戸羽太市長、佐々木茂光県議会議員、小向正悟県沿岸広域振興局長が祝辞。大船渡署警察官友の会の宮澤信平会長による記念品贈呈などが行われたあと、髙橋仁署長が謝辞を述べた。
所内では、被災した旧交番の入口にあった「旭日章」を、6人の遺影が掲げられた祭壇に設置。警察のシンボルである旭日章は旧交番では半分が欠けた状態で残った。平成24年9月の「交番お別れ式」に合わせて降納し、以降保管されていた。
静かに手を合わせた三島木達也交番所長は「被災したこの旭日章は、殉職者の魂が宿ったもの。6人の思いをしっかりと引き継ぎ、使命感を持って安心・安全へと尽力したい」と決意を込めた。
旧交番は、市役所や消防署などに近い高田町館の沖地内に位置していた。鉄筋コンクリート2階建てで、昭和58年に完成。以後、地域の防犯拠点として市民らに愛され続け、平成22年度には全国優秀交番にも選ばれた。
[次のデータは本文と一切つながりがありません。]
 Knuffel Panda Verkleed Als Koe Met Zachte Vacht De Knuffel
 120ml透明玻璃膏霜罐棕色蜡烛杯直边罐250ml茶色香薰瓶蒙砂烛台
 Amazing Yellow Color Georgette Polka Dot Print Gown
被災後、仮設交番は23年3月から24年3月までは高田町鳴石地内に、4月以降は竹駒町滝の里地内に設置されていた。
新交番も、鉄筋コンクリート2階建て。延べ床面積は279平方㍍。太陽光発電や災害用備蓄庫などを完備している。建築費は約1億4000万円。交番隣接地には、署員宿舎も設けた。兼務を含め警察官11人が勤務となり、交番内では常時数人が業務にあたる体制で住民生活を支える。
建物は現市役所庁舎西側に位置し、大規模な切土造成が進められた9㌶を超える津波復興拠点高田北地区西区内にある。国道340号や、三陸沿岸道路の陸前高田インターチェンジに近い。
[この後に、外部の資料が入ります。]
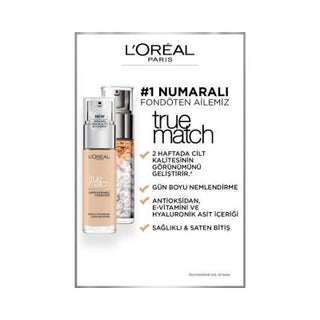 Loreal Paris True Match Foundation: 1N Ivory - Hyaluronic Acid & Vitamin E, Lightweight, Natural Look, SPF 17, Skin Tone Evener Loreal True Match Foundation - Ivory, Hydrating, SPF 17 Loreal True Match Foundation, Ivory Foundation, Hyaluronic Acid Foundation, Vitamin E Foundation, Lightweight Foundation, SPF 17 Foundation, Natural Look Foundation, 30 ml Foundation, Skin Tone Evener, Best Light Foundation, foundation, makeup, cosmetics, face makeup, hyaluronic acid, vitamin e, SPF, lightweight, natural look,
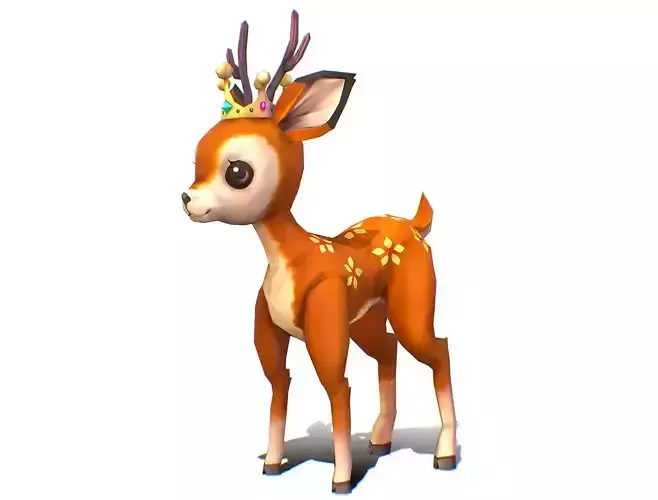 Stylized Young Deer with Crown Floral Markings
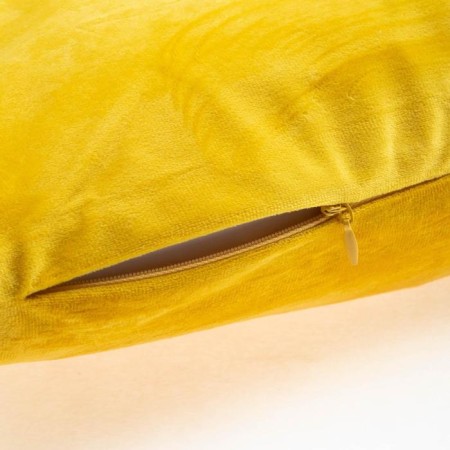 Decorative pillowcase with brushes Ethel color yellow, 45x45 cm, polyester, velor-3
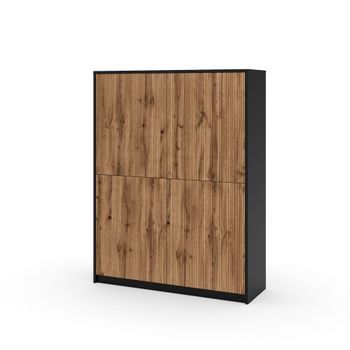 Aparador Alto Budapest Negro/roble En Melamina Y Mdf Acanalado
西区全体をみると、市の施設では消防防災センターとコミュニティホールがすでに完成。民間施設ではコンビニエンスストアのセブンイレブン、菓子店の木村屋も営業しているほか、JR大船渡線BRTの陸前高田駅舎もあり、さまざまな機能の集積が進む。さらに県は市内では最大となる301戸分の災害公営住宅建築工事を展開しており、今年夏の完成を目指している。